Uma das vertentes a dirigir o texto seria a implementação dessa lógica com o intuito de descolar mulheres. Sendo "cabeça", isso também teria a ver com saber quais seriam as perguntas certas, mais que as respostas.

Como diria um tal Paul Hewson: "We thought that we had the answers, it was the questions we had wrong".

Evz said...

Confesso que hoje o "pensamento não-linear, segue, para dentro..."

Evz said...

O pensamento, seu boiola! Isso aqui é uma birosca de nível, pô! ;)

Roberto Mello said...

Só mesmo dois neocybernerds como vcs pra ficar usando isso aqui de chat! :D

Meus comentários.

Meu método de lidar com imbecis sempre foi o "Socrático"... Começar a perguntar a ponto dos caras verem o tamanho da merda que estão falando. Já oscilei por um tempo, querendo me afastar de discussões com imbecis ou não, mas há pouco decidi simplesmente falar quando estiver a fim ou não. Antes só falava se achasse que fosse mudar o imbecil. Agora eu falo quando eu quero. Simples assim. Se tiver público melhor ainda. Pq nada melhor do que desmascarar um imbecil.

O que eu não gosto, em absoluto, é ter diálogos em que nossas conversas "quicam" na outra pessoa, vão e vem absolutamente da mesmo maneira, sem o mínimo de acréscimo/modificação do outro intelocutor.

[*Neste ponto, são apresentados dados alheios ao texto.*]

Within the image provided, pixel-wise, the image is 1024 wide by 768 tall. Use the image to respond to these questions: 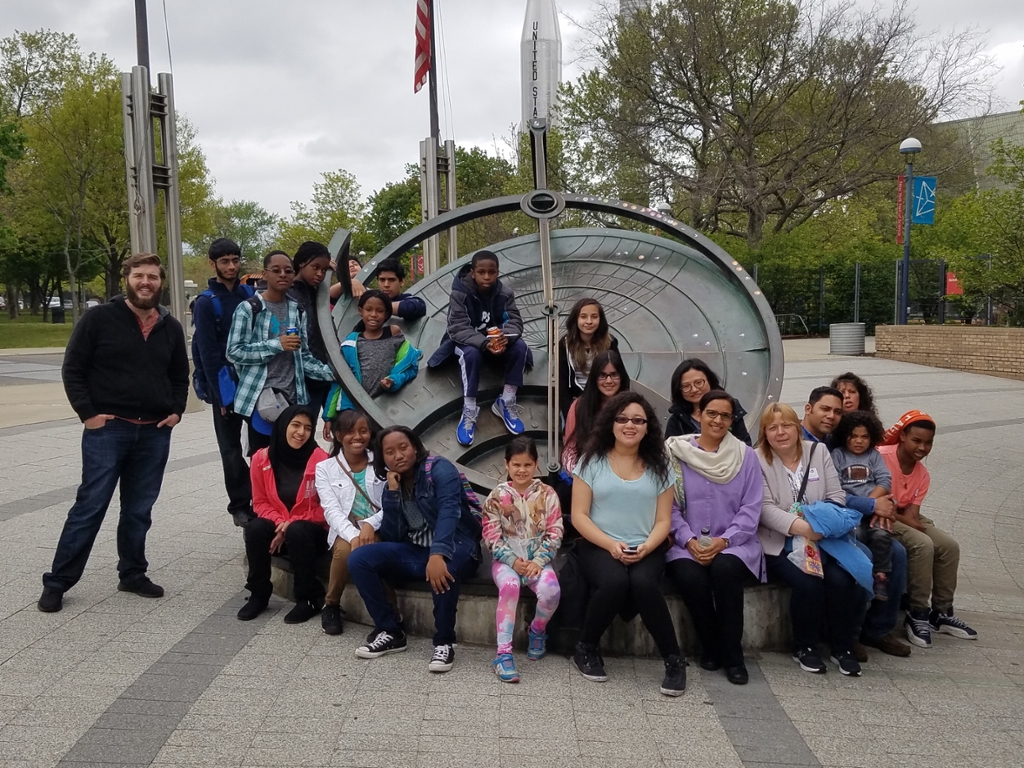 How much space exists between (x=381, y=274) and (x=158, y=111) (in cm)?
639

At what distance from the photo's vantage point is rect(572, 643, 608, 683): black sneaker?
3.61m

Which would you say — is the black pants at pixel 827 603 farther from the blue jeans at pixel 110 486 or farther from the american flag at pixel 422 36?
the american flag at pixel 422 36

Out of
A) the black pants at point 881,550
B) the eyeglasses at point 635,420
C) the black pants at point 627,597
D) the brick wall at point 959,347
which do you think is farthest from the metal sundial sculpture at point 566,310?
the brick wall at point 959,347

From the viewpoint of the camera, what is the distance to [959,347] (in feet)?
55.5

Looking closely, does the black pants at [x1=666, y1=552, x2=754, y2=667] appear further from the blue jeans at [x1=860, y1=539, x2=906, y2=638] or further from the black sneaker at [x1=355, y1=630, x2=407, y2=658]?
the black sneaker at [x1=355, y1=630, x2=407, y2=658]

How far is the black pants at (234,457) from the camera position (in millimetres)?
4980

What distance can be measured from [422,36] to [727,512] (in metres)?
11.4

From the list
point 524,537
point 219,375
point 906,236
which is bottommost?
point 524,537

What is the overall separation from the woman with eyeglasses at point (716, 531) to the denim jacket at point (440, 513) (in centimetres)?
86

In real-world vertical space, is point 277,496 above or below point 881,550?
above

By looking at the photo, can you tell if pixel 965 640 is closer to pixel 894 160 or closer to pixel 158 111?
pixel 158 111

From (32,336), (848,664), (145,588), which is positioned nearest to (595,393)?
(848,664)

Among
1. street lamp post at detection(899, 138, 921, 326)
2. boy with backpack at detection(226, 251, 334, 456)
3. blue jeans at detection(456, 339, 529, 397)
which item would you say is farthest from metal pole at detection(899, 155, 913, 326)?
boy with backpack at detection(226, 251, 334, 456)

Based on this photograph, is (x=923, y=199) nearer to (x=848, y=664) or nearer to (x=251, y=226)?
(x=848, y=664) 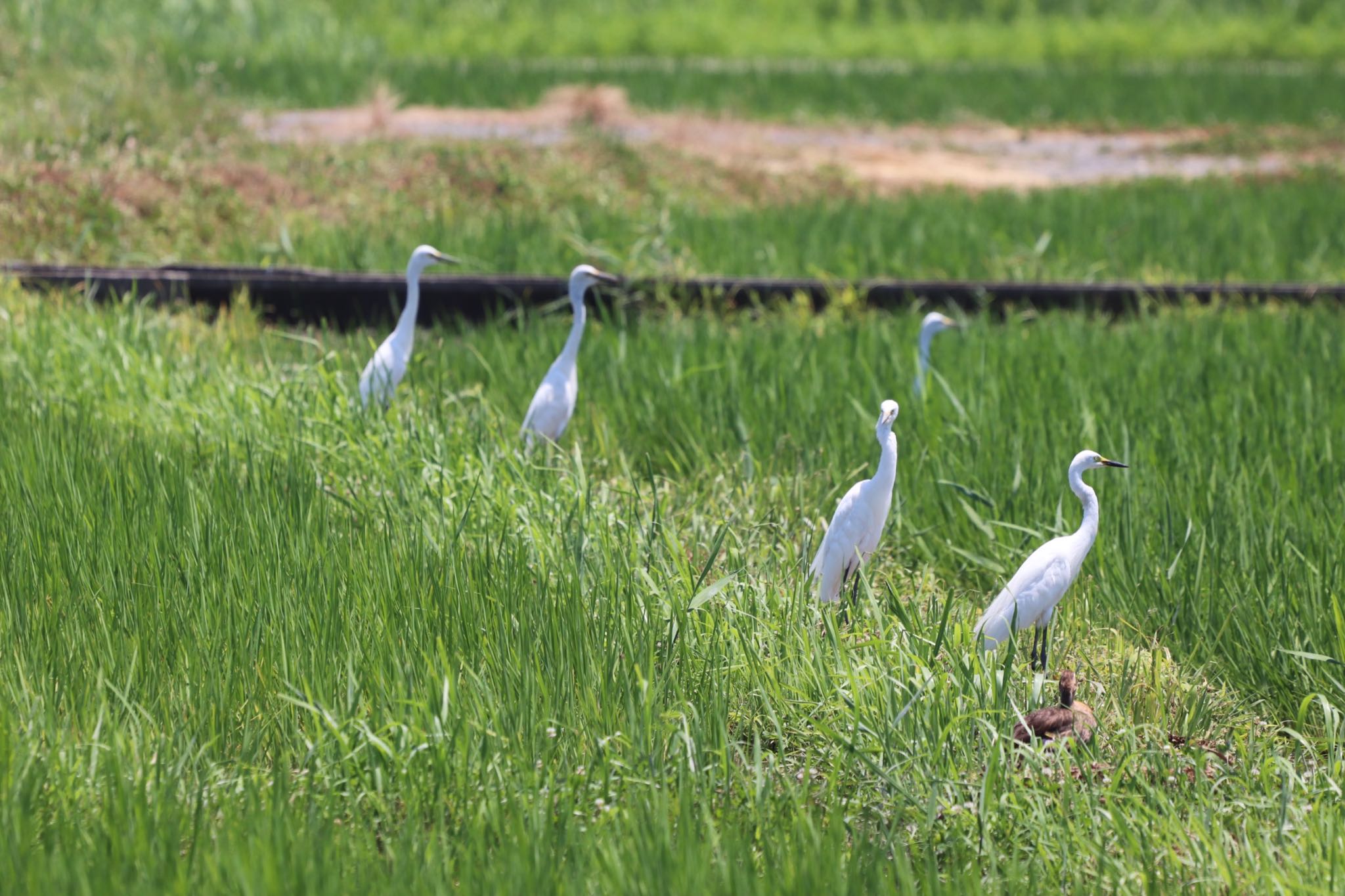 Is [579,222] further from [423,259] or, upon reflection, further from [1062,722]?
[1062,722]

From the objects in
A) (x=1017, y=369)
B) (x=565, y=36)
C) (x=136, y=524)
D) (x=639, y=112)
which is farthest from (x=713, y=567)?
(x=565, y=36)

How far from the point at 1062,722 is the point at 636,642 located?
869 millimetres

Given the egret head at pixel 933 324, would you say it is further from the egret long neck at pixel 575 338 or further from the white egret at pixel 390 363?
the white egret at pixel 390 363

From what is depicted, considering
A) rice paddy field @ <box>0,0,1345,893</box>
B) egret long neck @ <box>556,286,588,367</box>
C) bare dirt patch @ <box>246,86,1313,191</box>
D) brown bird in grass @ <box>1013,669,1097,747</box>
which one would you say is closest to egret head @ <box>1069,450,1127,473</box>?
rice paddy field @ <box>0,0,1345,893</box>

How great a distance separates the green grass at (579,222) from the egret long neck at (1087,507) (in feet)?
12.6

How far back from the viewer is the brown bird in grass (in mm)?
2775

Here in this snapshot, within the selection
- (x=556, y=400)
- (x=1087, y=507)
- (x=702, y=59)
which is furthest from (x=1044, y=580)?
(x=702, y=59)

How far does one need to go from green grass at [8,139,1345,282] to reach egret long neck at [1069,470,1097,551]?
→ 385 centimetres

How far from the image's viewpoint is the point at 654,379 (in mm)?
5266

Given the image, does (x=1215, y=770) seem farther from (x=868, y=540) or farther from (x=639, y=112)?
(x=639, y=112)

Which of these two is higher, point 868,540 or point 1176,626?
point 868,540

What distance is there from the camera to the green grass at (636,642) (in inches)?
92.8

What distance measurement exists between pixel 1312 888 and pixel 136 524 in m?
2.69

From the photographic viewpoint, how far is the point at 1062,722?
2.78m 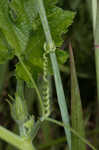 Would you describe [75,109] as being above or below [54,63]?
below

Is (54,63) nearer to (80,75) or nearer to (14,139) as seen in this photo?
(14,139)

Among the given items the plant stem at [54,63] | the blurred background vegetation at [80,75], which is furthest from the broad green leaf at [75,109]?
the blurred background vegetation at [80,75]

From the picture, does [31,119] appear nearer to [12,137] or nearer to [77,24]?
[12,137]

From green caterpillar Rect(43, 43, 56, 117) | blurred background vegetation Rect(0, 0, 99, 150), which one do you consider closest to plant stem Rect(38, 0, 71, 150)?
green caterpillar Rect(43, 43, 56, 117)

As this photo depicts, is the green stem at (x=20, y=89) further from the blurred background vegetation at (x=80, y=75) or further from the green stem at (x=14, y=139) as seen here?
the blurred background vegetation at (x=80, y=75)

E pra deixar claro, acho que se tornar uma ilha, há muito se mostrou mais do que errado pra mim. Não resolve absolutamente nada e se perdem oportunidades de se conhecer muito gente que acrescenta, no meio do mundo de merda. Isso tá funcionando pra mim, estar "aberto". Pra mim. Que não seja uma verdade universal.

Evz said...

O ser uma ilha não é opção, no meu caso, mas tem sido até aqui uma espécie de única via possível. Tento mudar.